Only one span is wanted from the lines below: from the one with "street in Gueliz" up to and including the one with "Crew members prepare". Copy it exactly, without images.

Material for the task:

*** Begin section ***

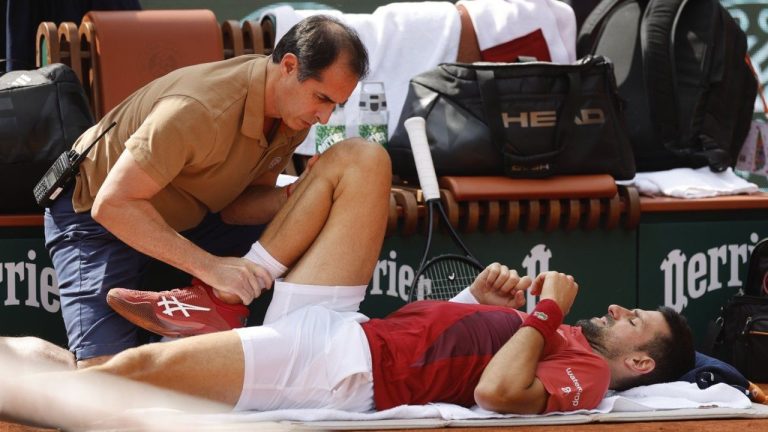 Serbia's Novak Djokovic receives medical assistance for his right knee during his fourth round match of the French Open tennis tournament against Argentina's Francisco Cerundolo at the Roland Garros stadium in Paris, Monday, June 3, 2024. (Jean-Francois Badias/AP Photo)

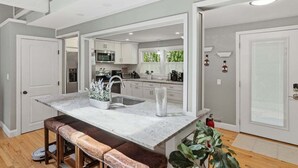 A modern kitchen with a central island, white cabinetry, and a view of the outdoors. - Shore House 003-DP Newly renovated in Dennis Port, 2 minute walk to the beach! (Dennis Port)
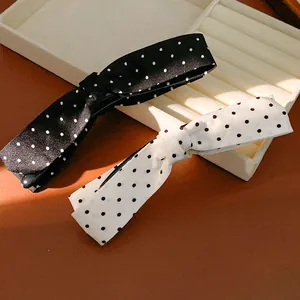 Close-up detail of elegant black and white polka dot fabric bow hair clips for women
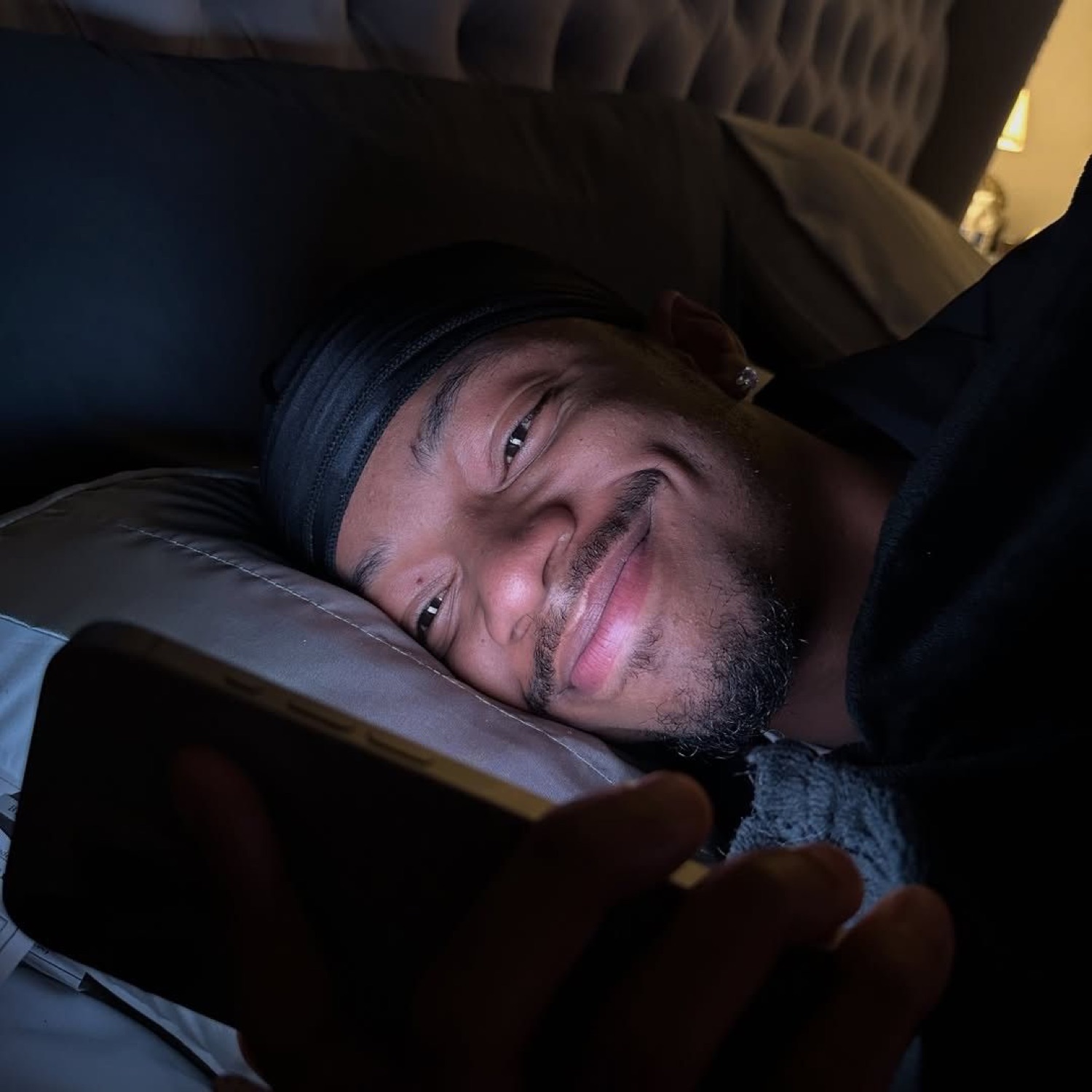 Man lying in bed at night on his phone with a soft, smug smirk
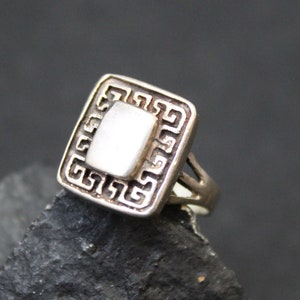 May include: A silver ring with a square-shaped white stone set in a geometric design.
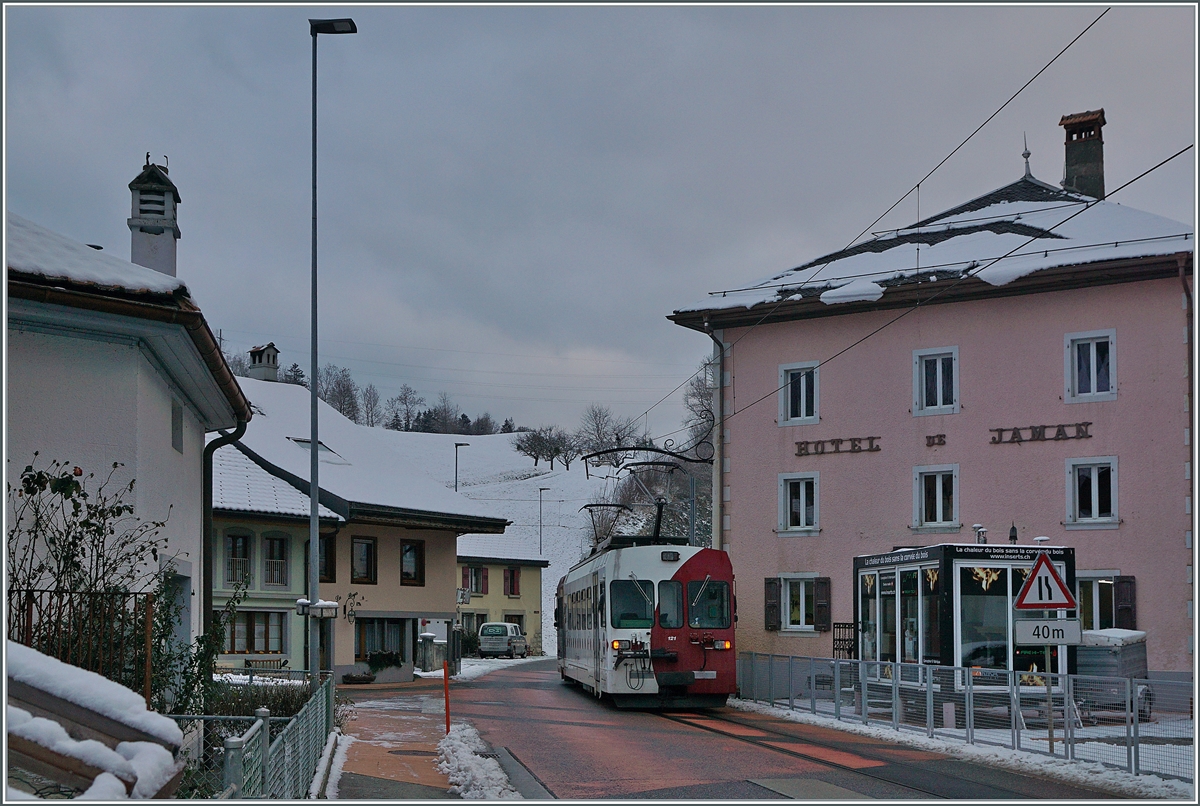 Der TPF Be 4/4 121 mit dem B 207 (ex MOB), B209 (ex MOB) und dem ABt 221 ist kurz nach der Abfahrt in Montbovon  auf der Strasse  unterwegs. Ziel des Zuges: Bulle. 

3. Dez. 2020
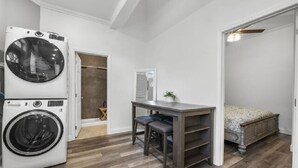 A laundry room with a front-loading washer and dryer, a small table with chairs, and a bed with a wooden headboard. - AV Bungalows #9A with Loft (Arcadia)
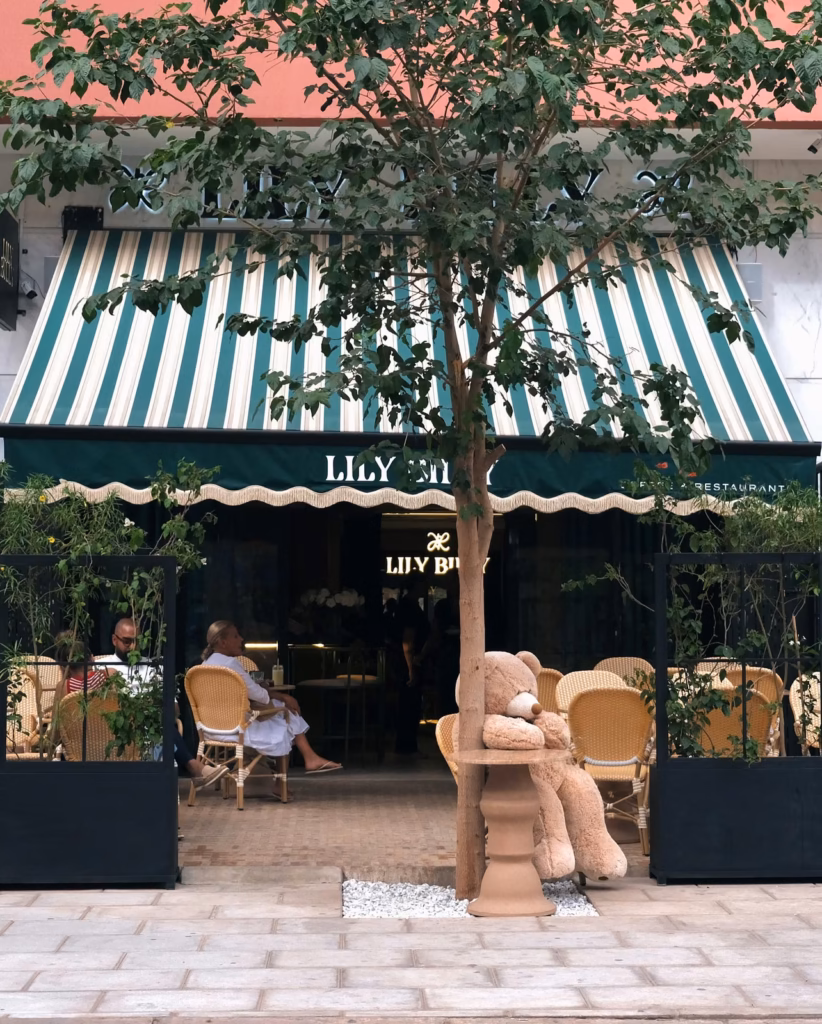 ​The Lily Billy storefront and striped awning from the street in Gueliz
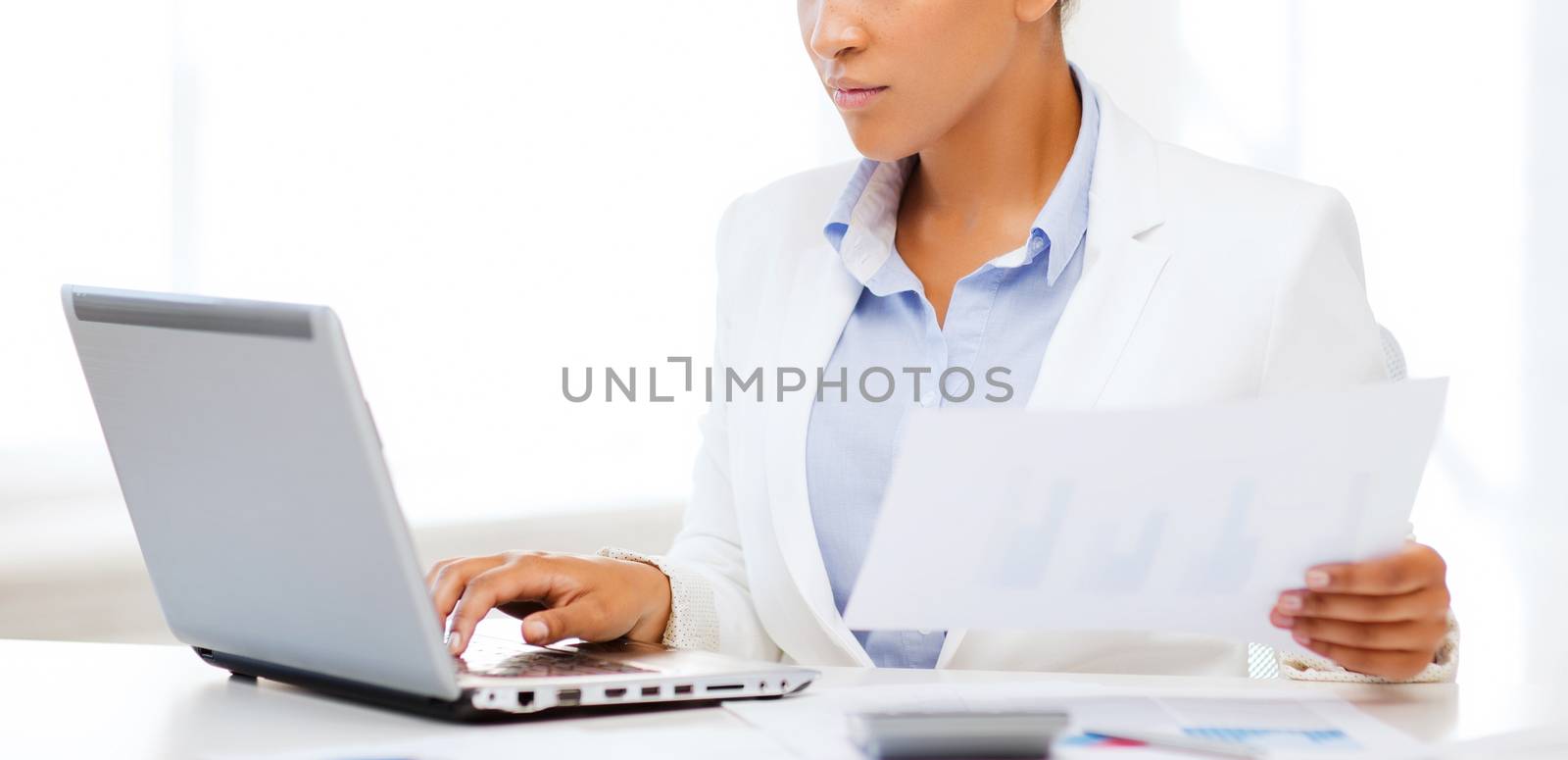 businesswoman working with computer in office by dolgachov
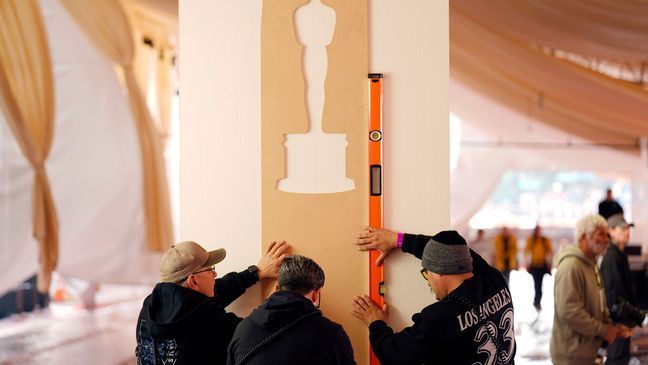 Crew members prepare the red carpet area on Wednesday, March 6, 2024, for Sunday's 96th Academy Awards at the Dolby Theatre in Los Angeles. (AP Photo/Chris Pizzello)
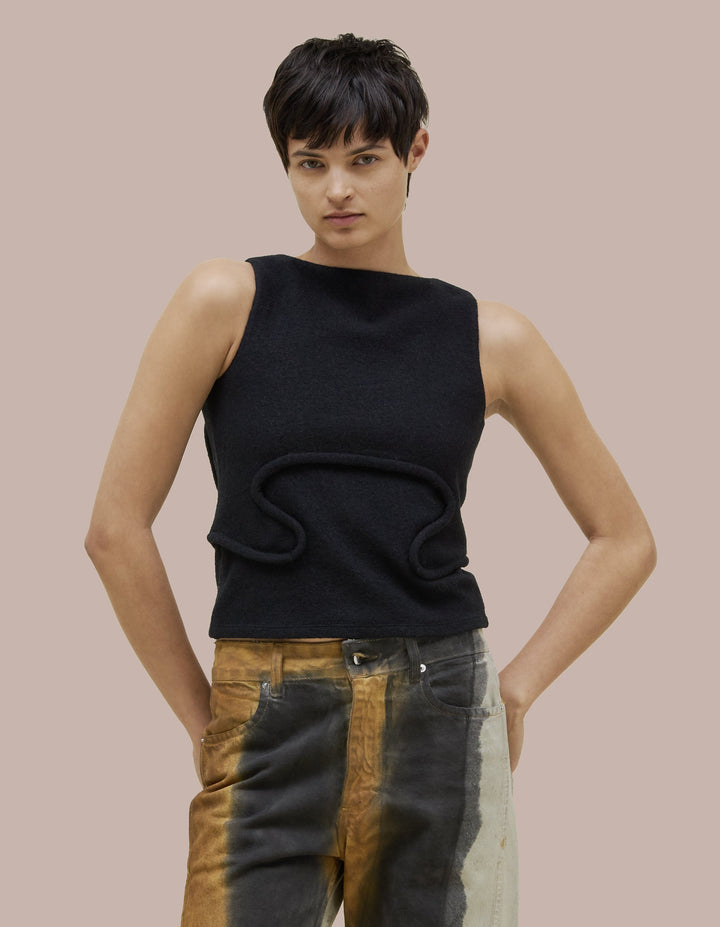Eckhaus Latta tank that features a boat neck with a boxy fit and bound curvilinear seams creating definition as they move across your body. Made from a boiled wool cotton blend.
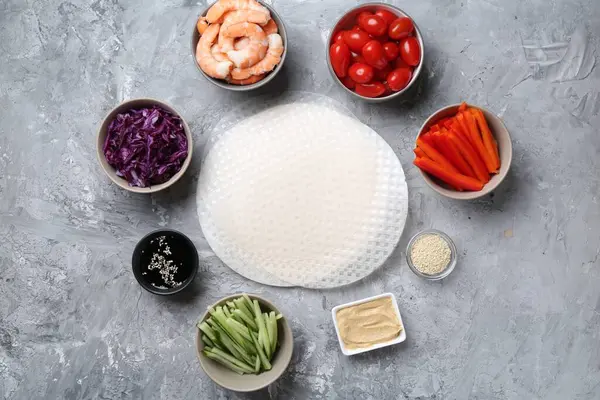 Pirinç kağıt çarşaflar ve açık gri masa üzerindeki farklı malzemeler, düz uzanmış.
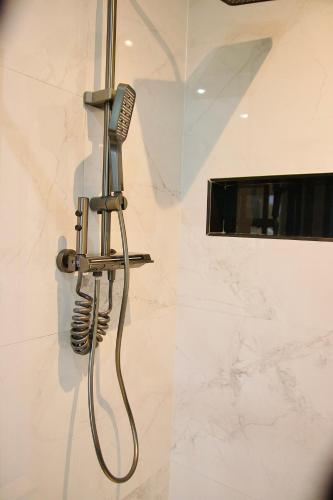 a shower with a blow dryer in a bathroom at Kumnandi Modern Suite in Beacon Bay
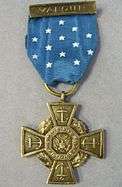 Front of a bronze cross-shaped medal hanging from a blue ribbon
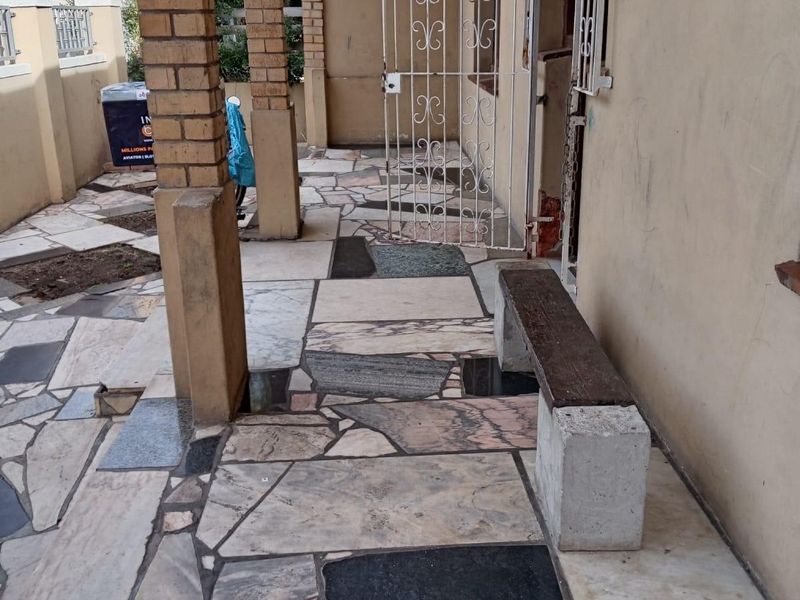 A covered patio area featuring mixed stone crazy paving, brick support columns, and a security gate at the entrance.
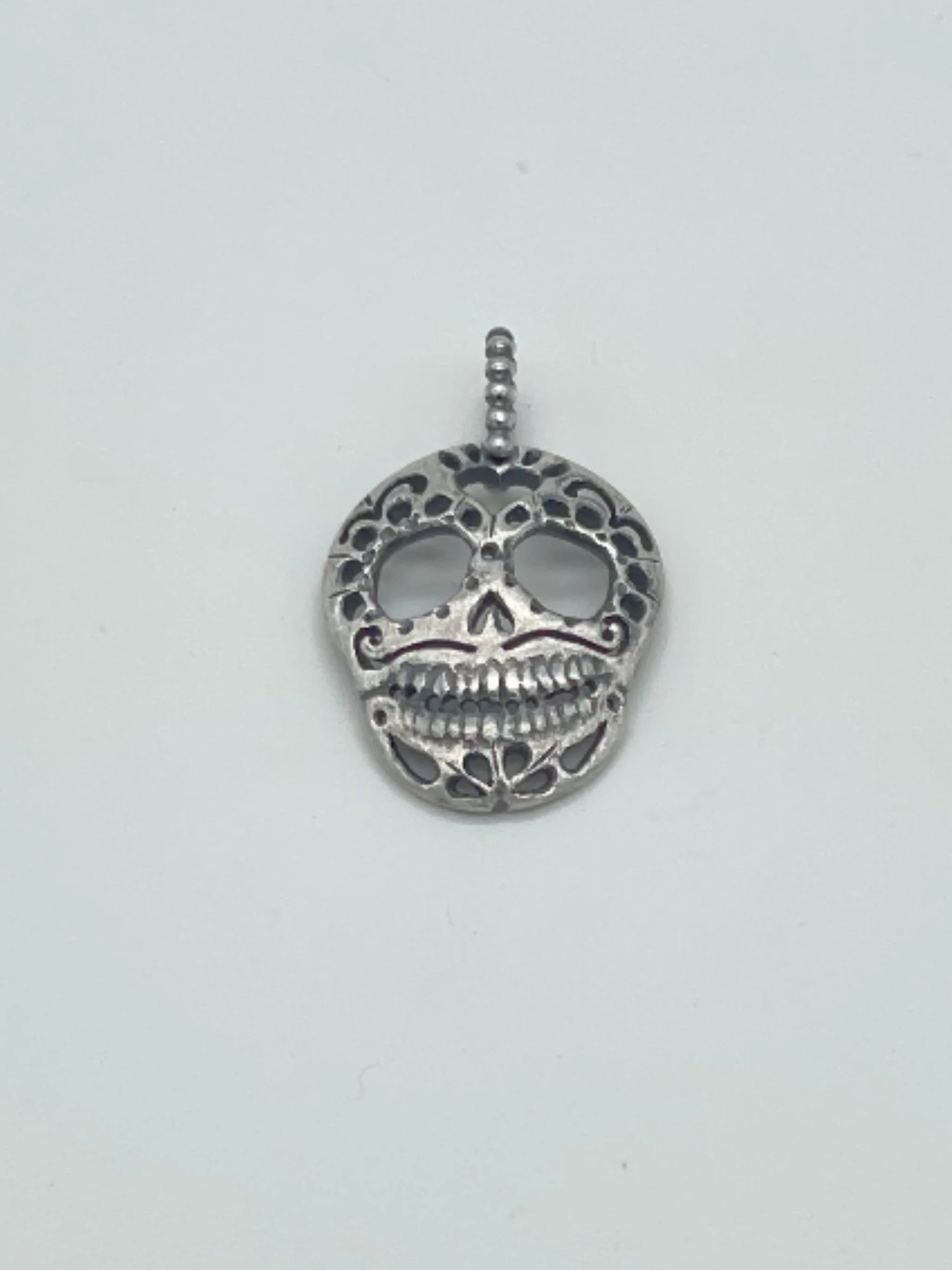 Sonja Markhoff Calavera de Dulce Cutout pendant in sterling silver with oxidized filed trace chain, contemporary skull necklace by Crepundia Gioielli Bologna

*** End section ***

Written answer:
 ​The Lily Billy storefront and striped awning from the street in Gueliz
 businesswoman working with computer in office by dolgachov
 Crew members prepare the red carpet area on Wednesday, March 6, 2024, for Sunday's 96th Academy Awards at the Dolby Theatre in Los Angeles. (AP Photo/Chris Pizzello)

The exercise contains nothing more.